Daystar Television Canada
- Daystar Television Canada logo
- Country: Canada
- Broadcast area: National
- Headquarters: Vancouver, British Columbia

Programming
- Picture format: 480i (SDTV)

Ownership
- Owner: World Impact Ministries (branding licensed from Word of God Fellowship)

History
- Launched: October 1, 2005
- Former names: The Christian Channel (2005-2009) Grace TV (2009-2013)

Links
- Website: canada.daystar.com

= Daystar Television Canada =

Canadian religious TV channel

Daystar Television Canada is a Canadian specialty channel that broadcasts Religious programming dedicated to the Christian faith.

It is owned by World Media Ministries.

Originally known as The Christian Channel from 2005 to 2009, it was re-branded as Grace TV in September 2009. As of June 2013, the majority of its programming became sourced from the U.S. Evangelical Christian network Daystar Television, and the network ultimately took on the Daystar brand in November 2013.

==History==

Logo used under The Christian Channel brand.

The channel was launched on October 1, 2005 as The Christian Channel by previous owners S-VOX.

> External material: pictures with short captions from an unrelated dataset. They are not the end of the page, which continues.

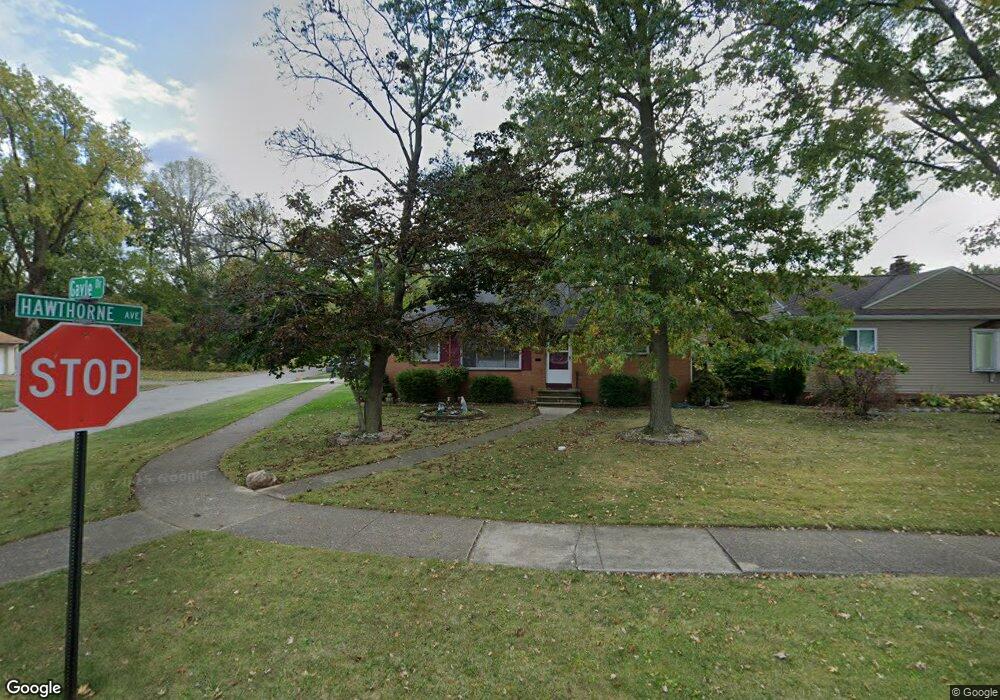 211 Gayle Dr, Sheffield Lake, OH 44054 - photo 1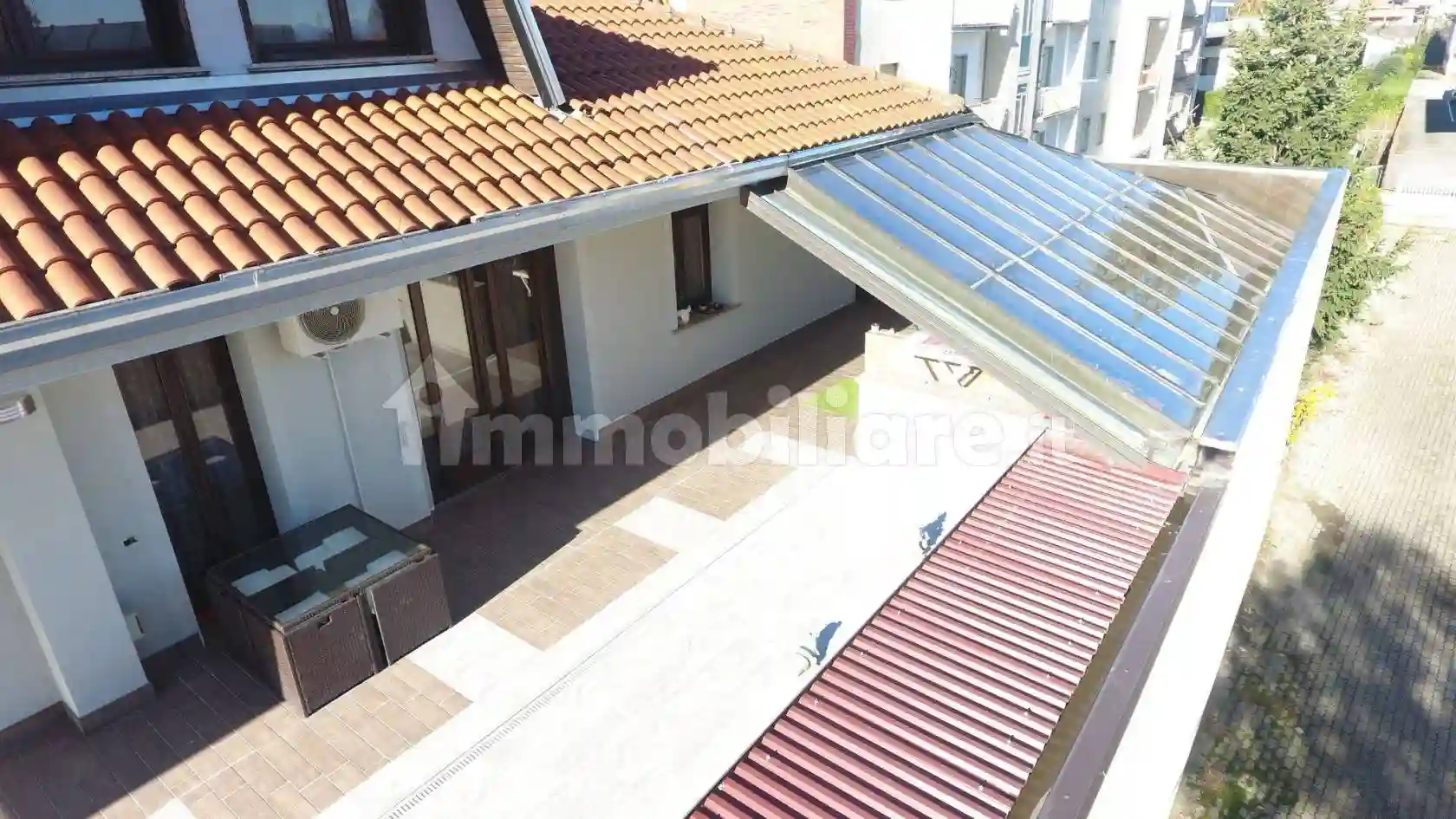 Palazzo - Edificio - foto 5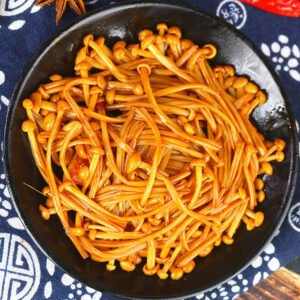 အပ်မှို(金针菇)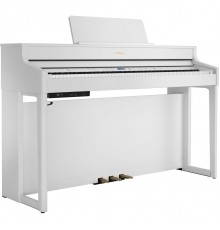 Roland HP702-WH Пианино цифровое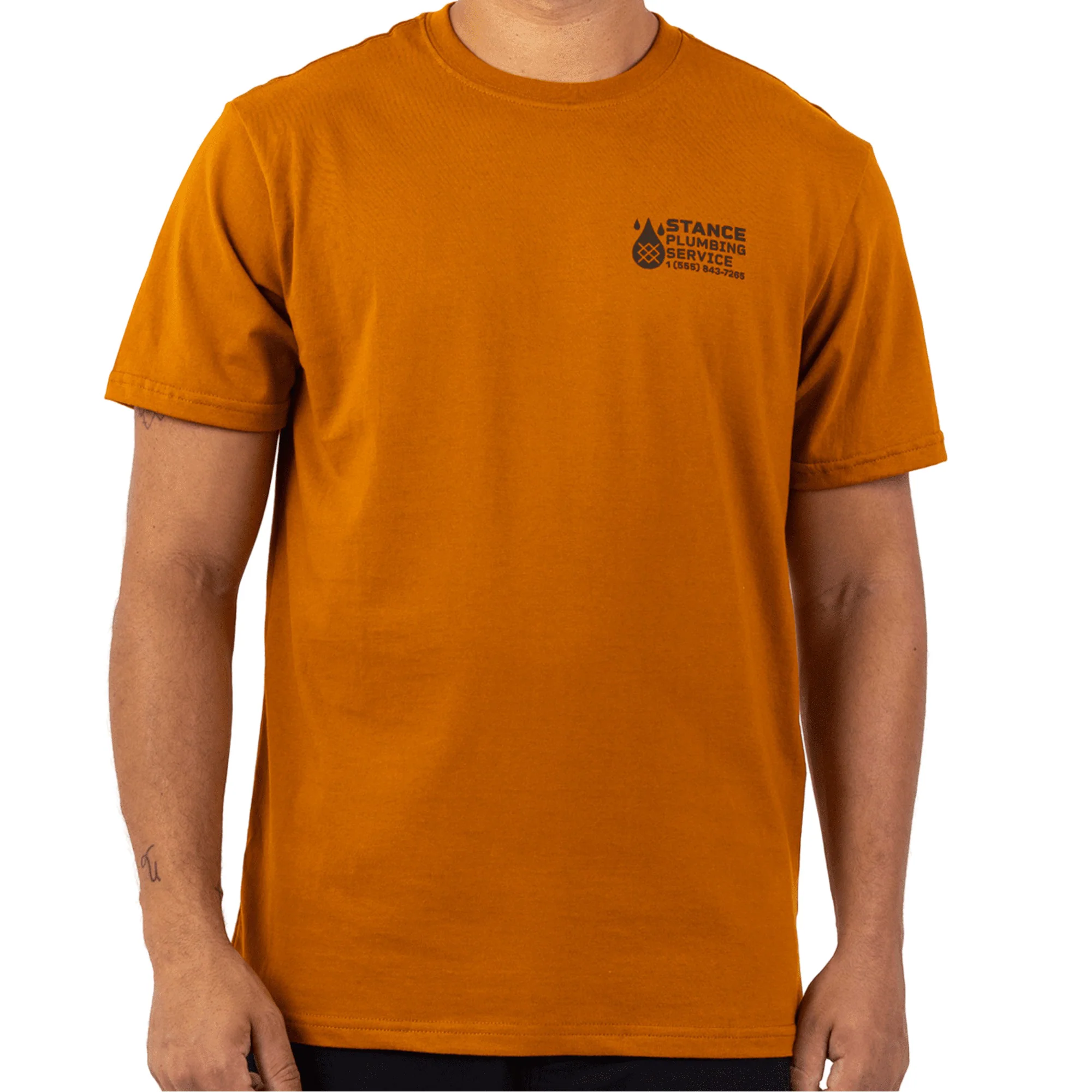 CLASSIFIED TEE - Image 3
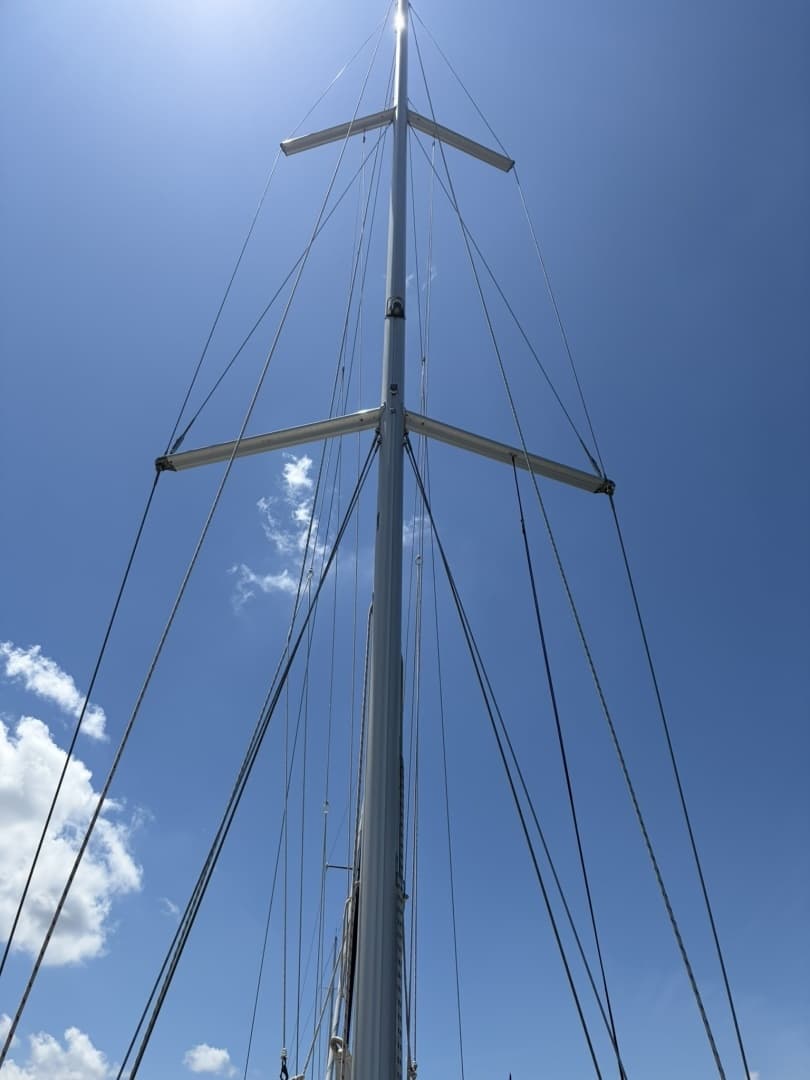 2006 Beneteau 423 - Image 61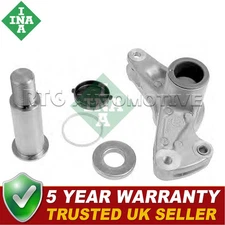 INA Belt Tensioner Arm Set Fits Sprinter 3-T E-Class C-Class 2-T Vito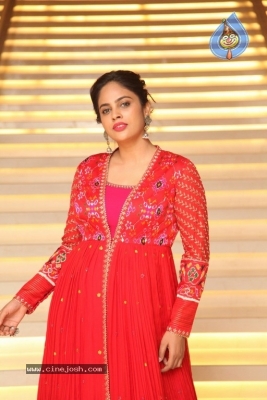 Nandita Swetha Photos - 18 of 21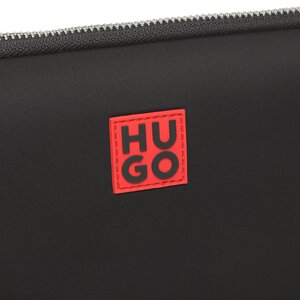 

Чохол для ноутбукаHugo, Чорний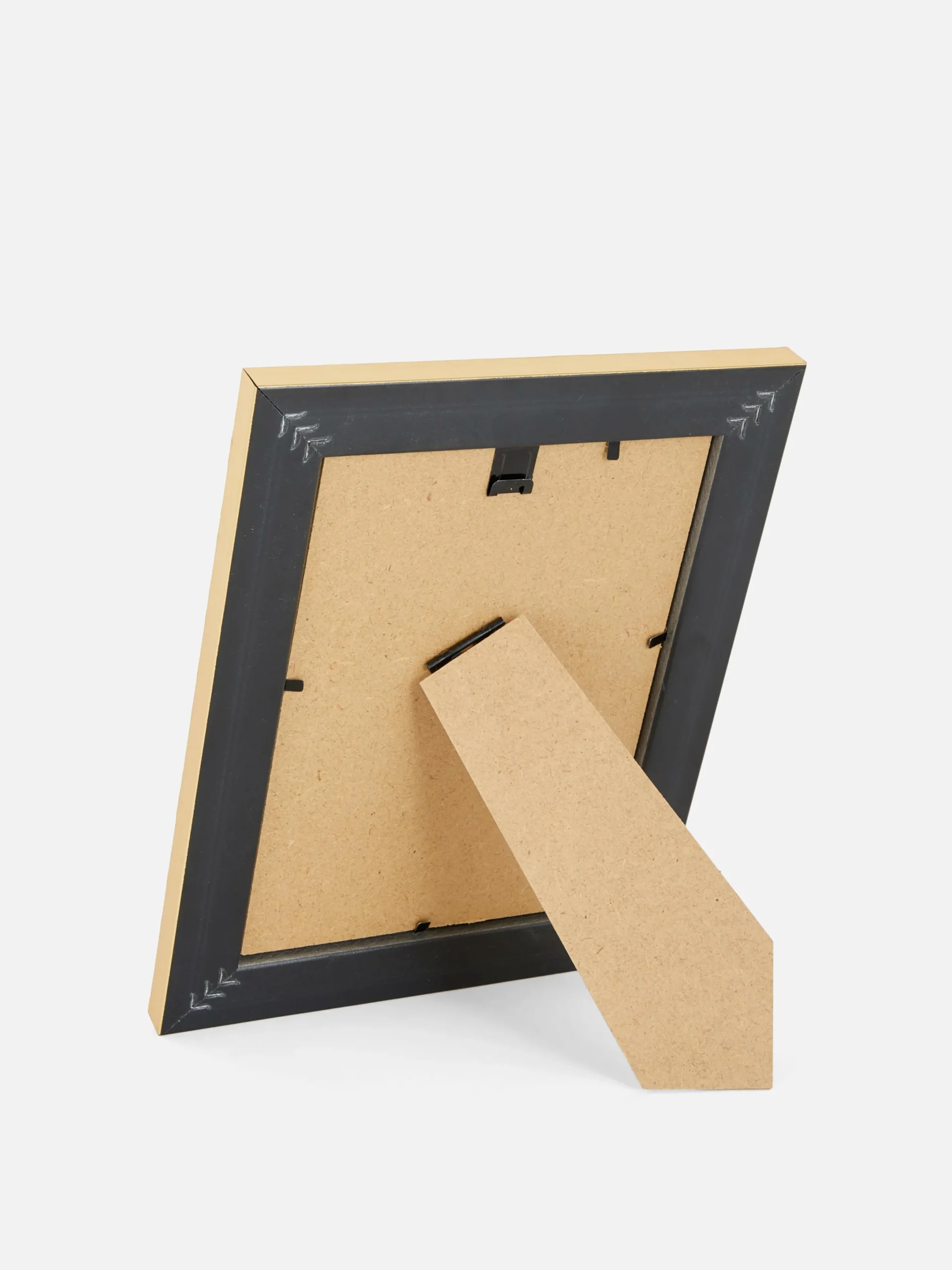 Primark Marcos Y Adornos De Pared|Marco De Fotos Con Textura De Hoyuelos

On January 26, 2009, S-VOX announced that it had reached an agreement to sell the Christian Channel to World Impact Ministries. The sale was subject to Canadian Radio-television and Telecommunications Commission (CRTC) approval. It was approved by the CRTC on May 4, 2009. World Impact Ministries took control of the channel on June 1, 2009 and introduced new programming including eNcounter- its flagship program airing daily. The channel was renamed Grace TV on September 16, 2009.

Logo used under the Grace TV brand.

In May 2013, Grace TV entered into a partnership with the U.S. based religious broadcaster Daystar Television, in which the majority of Grace TV's programming would come from Daystar, with the remaining 35% provided by Canadian producers. On November 23, 2013, the network announced that it would drop the Grace TV name in favor of branding as Daystar full-time.

==High-definition feed==
A high-definition feed will be launched first by Shaw Direct on 4 September 2019.